Its flavour in the nostrils a thundercloud smart
like seeing your crush on a superstud’s arm;
you’d have to be sturdier than durmast
oak to contain such a bastard stum
in your head’s barrel and not cry out drams
of tears. But if you, in your dilemma, durst
eat another spoonful, your throat’s drum
is often only half as stung, your heart’s mud
stirred to a soup and every untoward smut
on your tongue expunged in one broad strum,
leaving nothing – no points, no clear datums
from which to measure pain, no lukewarm dust
of hurt feelings, rags clinging to an absurd mast
or pins or crumbs or flakes of seed-hard must.

Jon Stone was born in Derby and currently lives in Whitechapel. He's the co-creator of pocket poetry journal Fuselit and micro-anthology publishers Sidekick Books. He was highly commended in the National Poetry Competition 2009, the same month his debut pamphlet, Scarecrows (Happenstance), was released.

Salt Publishing
Poetry International (Jon Stone)

* Dōjinshi (同人誌, often transliterated as doujinshi) is the Japanese term for self-published works, usually magazines, manga or novels. Dōjinshi are often the work of amateurs, though some professional artists participate as a way to publish material outside the regular industry


stujallen said...

another interesting poem collection ,I saw a programme about a town in china that just fakes pictures ,wonder if they would do it with lit at some point ?,all the best stu

James said...

Looks like a great collection. I liked the quote about poetry giving us an "idea of order". Of course it immediately reminded me of one of my favorite poets, Wallace Stevens, whose "The Idea of Order at Key West" is a modernist milestone.

@parridhlantern said...

Thanks for your comment Stu.

Hi James, The quote came from Simon Critchley’ s Things Merely Are, which is subtitled (Philosophy in the Poetry of Wallace Stevens)& I think you would be interested in it, here's the blurb on it This book is an invitation to read poetry. Simon Critchley argues that poetry enlarges life with a range of observation, power of expression and attention to language that eclipses any other medium. In a rich engagement with the poetry of Wallace Stevens, Critchley reveals that poetry also contains deep and important philosophical insight. Above all, he agues for a 'poetic epistemology' that enables us to think afresh the philosophical problem of the relation between mind and world, and ultimately to cast the problem away.

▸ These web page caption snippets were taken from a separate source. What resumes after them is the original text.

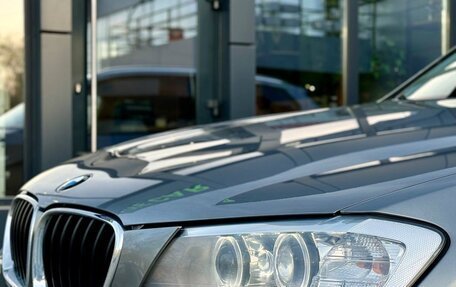 BMW X3, 2013 год, 2 950 000 рублей, 7 фотография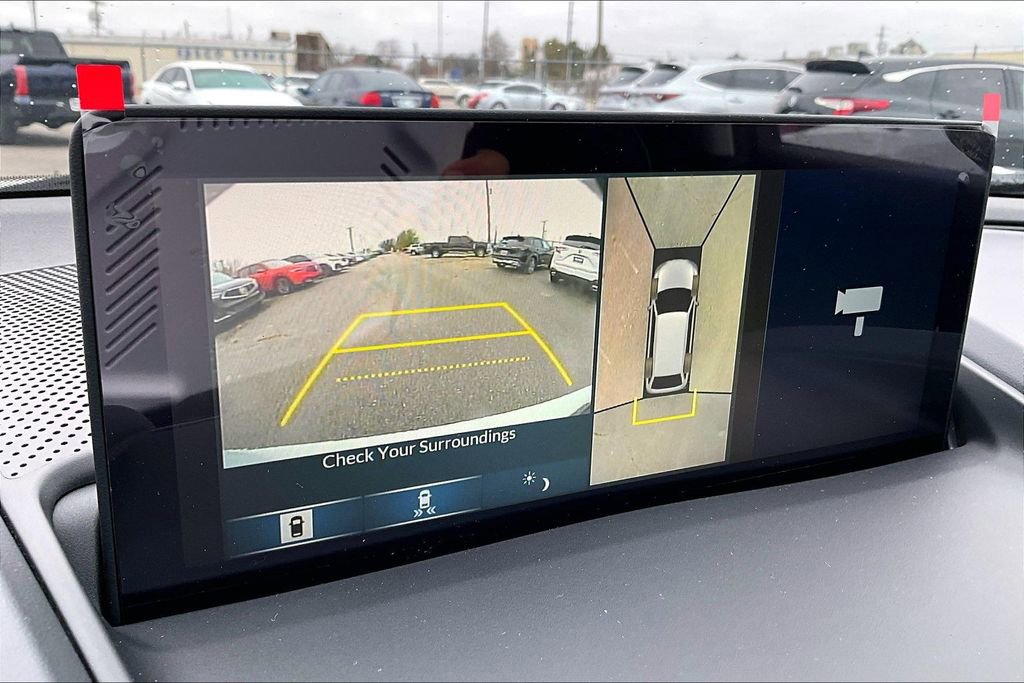 New 2026 Acura RDX SH-AWD w/ Advance Package image 21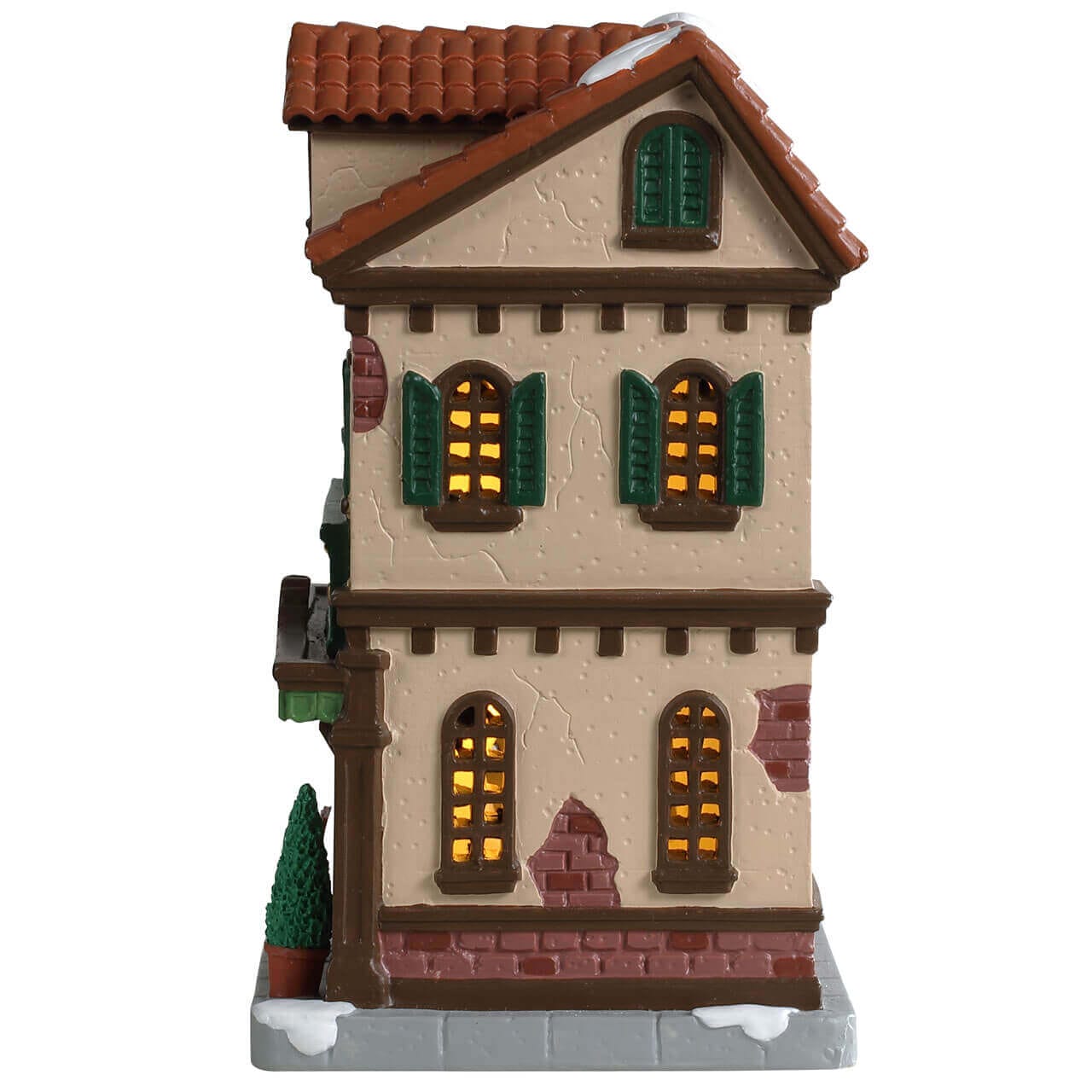 lemax-larosa-s-cucina-geb-ude-f-r-caddington-village image 2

Drawing astutely on Kant, the German and English Romantics and Heidegger, Critchley argues that through its descriptions of particular things and their stubborn plainness - whether water, guitars, trees, or cats - poetry evokes the 'mereness' of things. It is this experience, he shows, that provokes the mood of calm and releases the imaginative insight we need to press back against the pressure of reality. Critchley also argues that this calm defines the cinematic eye of Terrence Malick, whose work is discussed at the end of the book.

Col (Col Reads) said...

Reading "Mustard" made me breath deep, and think about what it would feel like to see my first love with his now-wife. Fantastic.

@parridhlantern said...

Hi Col, a great reading of this poem, can see how that would work, but that's the delight of good poetry, the amount of perspectives contained in a few words.